Your pup looks just like my pup. You will notice slight difference in the waves in the fur. Angel looked flat and dule for a bit now you can see waves and feathering on the legs and tail. Her tail has funniest looking tip of fur, the real feathering is on her legs.


----------



## Good as Gold (Nov 30, 2016)

panoefeng said:


> Hi guys, my puppy is almost 16weeks which is 4 months, but he does not have fluffy coat that I usually see other golden puppys have. I am wondering if this is normal and how old will he start to develop the mature coat like others. Or maybe someone can comment if my puppy is a pure golden or a mix.
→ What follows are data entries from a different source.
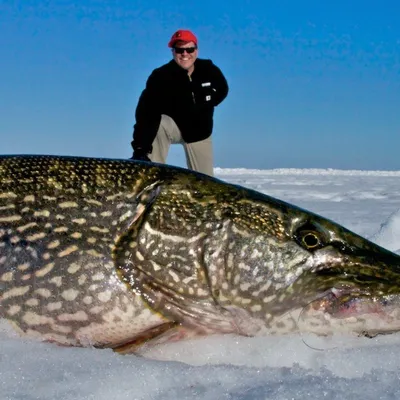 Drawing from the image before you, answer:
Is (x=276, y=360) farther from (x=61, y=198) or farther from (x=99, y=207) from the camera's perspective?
(x=61, y=198)

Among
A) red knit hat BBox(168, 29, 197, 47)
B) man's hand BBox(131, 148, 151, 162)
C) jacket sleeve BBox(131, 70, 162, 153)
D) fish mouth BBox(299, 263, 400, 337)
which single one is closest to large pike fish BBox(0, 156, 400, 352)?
fish mouth BBox(299, 263, 400, 337)

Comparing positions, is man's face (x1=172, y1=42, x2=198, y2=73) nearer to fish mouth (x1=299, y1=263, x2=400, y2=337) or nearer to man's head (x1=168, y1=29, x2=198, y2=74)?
man's head (x1=168, y1=29, x2=198, y2=74)

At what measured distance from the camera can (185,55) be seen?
6.27 m

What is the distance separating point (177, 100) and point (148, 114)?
1.14ft

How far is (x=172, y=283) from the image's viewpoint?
8.10 feet

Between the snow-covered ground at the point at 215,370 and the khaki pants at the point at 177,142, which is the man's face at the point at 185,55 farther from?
the snow-covered ground at the point at 215,370

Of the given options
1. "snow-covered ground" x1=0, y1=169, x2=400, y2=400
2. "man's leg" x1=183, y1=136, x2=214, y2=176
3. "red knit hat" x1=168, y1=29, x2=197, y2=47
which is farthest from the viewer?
"man's leg" x1=183, y1=136, x2=214, y2=176

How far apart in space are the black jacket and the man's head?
0.09 m

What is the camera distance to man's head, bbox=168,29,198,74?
6188 millimetres

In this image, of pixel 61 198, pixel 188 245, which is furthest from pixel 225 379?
pixel 61 198

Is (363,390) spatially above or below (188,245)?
below

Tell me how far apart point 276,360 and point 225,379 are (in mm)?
357

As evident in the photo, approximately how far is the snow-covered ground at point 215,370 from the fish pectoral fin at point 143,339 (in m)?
0.05

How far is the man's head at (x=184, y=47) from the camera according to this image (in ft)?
20.3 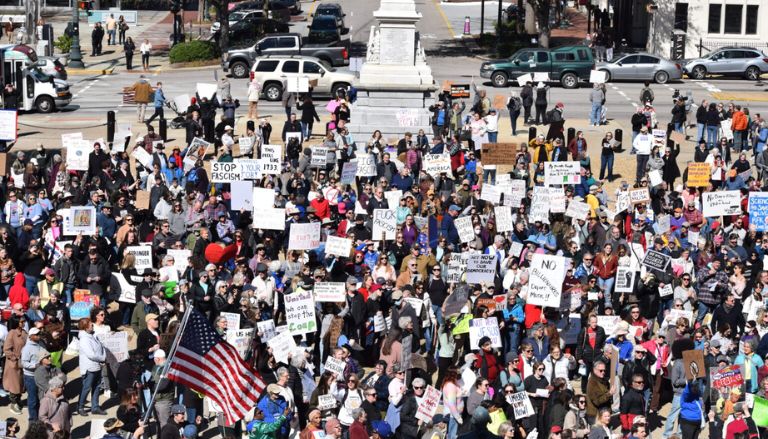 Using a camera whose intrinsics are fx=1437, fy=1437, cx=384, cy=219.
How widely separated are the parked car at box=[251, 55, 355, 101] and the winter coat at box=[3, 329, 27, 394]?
81.9 ft

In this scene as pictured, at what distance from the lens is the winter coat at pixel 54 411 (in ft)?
53.3

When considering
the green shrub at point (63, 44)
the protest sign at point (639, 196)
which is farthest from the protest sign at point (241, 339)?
the green shrub at point (63, 44)

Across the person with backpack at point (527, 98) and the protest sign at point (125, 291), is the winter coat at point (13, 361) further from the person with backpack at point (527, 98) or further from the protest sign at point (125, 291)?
the person with backpack at point (527, 98)

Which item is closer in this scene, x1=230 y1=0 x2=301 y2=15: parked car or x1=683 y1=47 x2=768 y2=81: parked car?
x1=683 y1=47 x2=768 y2=81: parked car

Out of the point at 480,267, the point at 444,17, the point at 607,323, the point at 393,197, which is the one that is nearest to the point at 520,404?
the point at 607,323

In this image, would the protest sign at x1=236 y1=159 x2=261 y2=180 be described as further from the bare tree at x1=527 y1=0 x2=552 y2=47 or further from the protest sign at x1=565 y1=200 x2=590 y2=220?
the bare tree at x1=527 y1=0 x2=552 y2=47

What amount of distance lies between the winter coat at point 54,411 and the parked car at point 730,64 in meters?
37.5

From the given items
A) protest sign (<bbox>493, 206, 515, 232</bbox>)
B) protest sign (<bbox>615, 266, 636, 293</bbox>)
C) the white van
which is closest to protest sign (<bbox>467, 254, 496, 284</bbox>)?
protest sign (<bbox>615, 266, 636, 293</bbox>)

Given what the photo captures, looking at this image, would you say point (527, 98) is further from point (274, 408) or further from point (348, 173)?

Your puppy looks great. Here's a little food for thought: My previous golden was my first. When he lost the initial puppy fluff and the adult coat was growing in, around 8 months or so I stressed a bit... how come it isn't as full and thick and fluffy as those Golden's fur I've seen in pictures?? But, it did grow in, taking about a year a a half or so (I forget exactly) to reach full growth. It then looked beautiful!! And shed/molted all the time, of course. This go around, I am enjoying the fact that at my pup's current 8 month old age, we do not yet have that beautiful, full flowing coat because I know it will grow in eventually and the shedding is a lot less while it lasts!! So relax, your pup is great - enjoy!!


----------



## ScottTheMurse (Jul 30, 2017)

Your pup looks like my little Bailey. She is about to turn 4 months but has a very short coat. I always get asked what kind of dog she is. I'm sure both of their coats will start to grow soon!


----------



## CactusJack (Jul 6, 2017)

Your dog looks identical to Duke! He turned 16 weeks yesterday.


----------